A Bigger Splash di Luca Guadagnino. 2015

Che Luca Guadagnino sia un egocentrico ce lo dicono i suoi film, soprattutto "A bigger splash". Potrei annoverare questa sua pellicola tra le peggiori del regista, il difetto è soprattutto della sceneggiatura di David Kajganich, rarefatta, troppo inconcludente, troppo grossolana, con battute veramente infantili ("siamo tutti osceni"). Il film deve il suo titolo ad un quadro di David Hockney, che raffigura appunto uno spruzzo in piscina, dovuto ad un tuffo appena avvenuto, un gesto impetuoso. Ed è questa la chiave della storia: gesti impetuosi, di pancia, istintivi.
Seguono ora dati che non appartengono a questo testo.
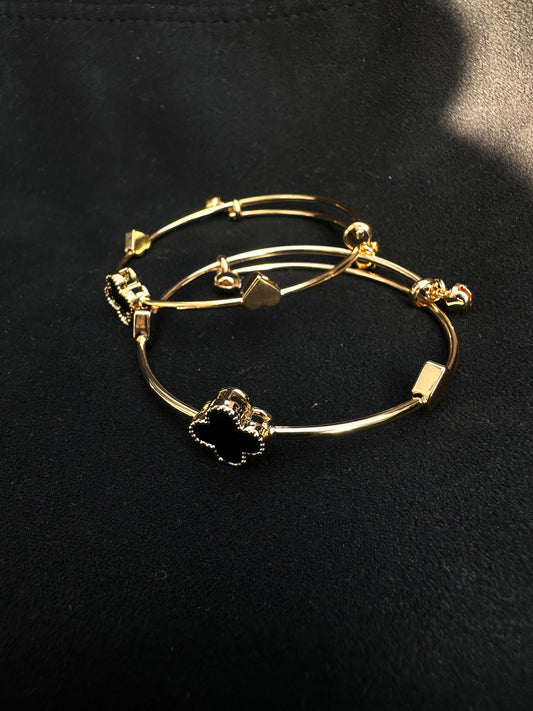 Exquisite Clover Bangles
La trama è ispirata, invece, ad un film piuttosto simile, ma qualitativamente migliore: “La piscina”, film francese del 1969 firmato da Jacques Deray e interpretato da Alain Delon, Romy Schneider, Maurice Ronet e Jane Birkin. Una processione religiosa, in cucina del cibo di voluttuosa bellezza. Questo è quello che funziona. Per il resto c'è una piscina, un morto e quattro snob: una cantante rock famosissima, il suo ragazzo fotografo toyboy, il suo produttore e la figlia di questo (l’unica che risulta convincente, Dakota Johnson nei panni di una Lolita con un’indole fragile e sensibile) in una villa a Pantelleria in estate.
L’intesa erotica tra la protagonista Marianne e il fidanzato è fortissima: passano le intere giornate praticamente nudi nel giardino della loro villetta, presi da un sano e dolce far niente. Riesce a far peggio il maresciallo Guzzanti. Quando Marianne, la rockstar protagonista, gli fa intendere: forse l'autore del delitto è uno dei clandestini dell'isola, lui le risponde "li abbiamo già offesi molto, questo non potrà offenderli di più", goffo tentativo di voler strizzare miseramente l'occhio alla problematica "clandestini". Ma non bastano questi accenni per fare di te un intellettuale impegnato, caro Guadagnino. Regia mediocre, patinata e finta

sabato 25 febbraio 2017

L'attesa di Piero Messina.2015

Con troppe lacrime piangi, Maria, solo l’immagine d’un’agonia: sai che alla vita, nel terzo giorno, il figlio tuo farà ritorno: lascia noi piangere, un po’ più forte, chi non risorgerà più dalla morte. (Fabrizio De André, Tre Madri, La Buona Novella)
Piero Messina, regista de L'attesa è il collaboratore di Paolo Sorrentino. Dall’alto, la macchina da presa scende su un Cristo morente. No, Magritte ci direbbe che quello non è un Cristo morente ma solo la sua rappresentazione, quindi dall’alto, la macchina da presa scende sulla rappresentazione di un Cristo morente.Lì ferma Juliette Binoche, che non riesce a trattenersi e lascia bagnare da rivoli di urina scappata per il troppo dolore le gambe. Sulle pendici dell’Etna si celebra un funerale, non è difficile intuirlo. Ma di chi? Quando la fidanzata di Giuseppe torna dalla Francia e chiede del ragazzo «È fuori, ma tornerà», si sentirà dire dalla madre. materassini sgonfiati lentamente, abbracciandoli, solo per sentire l’aria che ne esce (aria che, si intuisce è stata soffiata dentro dal figlio defunto) Tanta Sicilia nella processione della Madonna con stile semidocumentaristico e l’apparizione fantasmatica del morto! Un film acerbo, salottiero, aristocratico, drappi di velluto sugli specchi. Brava la Binoche, ma che sorpresa Lou de Laâge! notevole la fotografia firmata da Francesco Di Giacomo, ma questo rapimento estetico di fronte alle belle immagini che L’attesa contiene non è sufficiente però a farne un buon film, e anche l’ottima Juliette Binoche avrebbe meritato di essere meglio diretta, anziché lasciarle fare quegli intensi primi piani di cui tutti già la sappiamo capace. Manierismo e accaddemismo, vogliamo più pancia.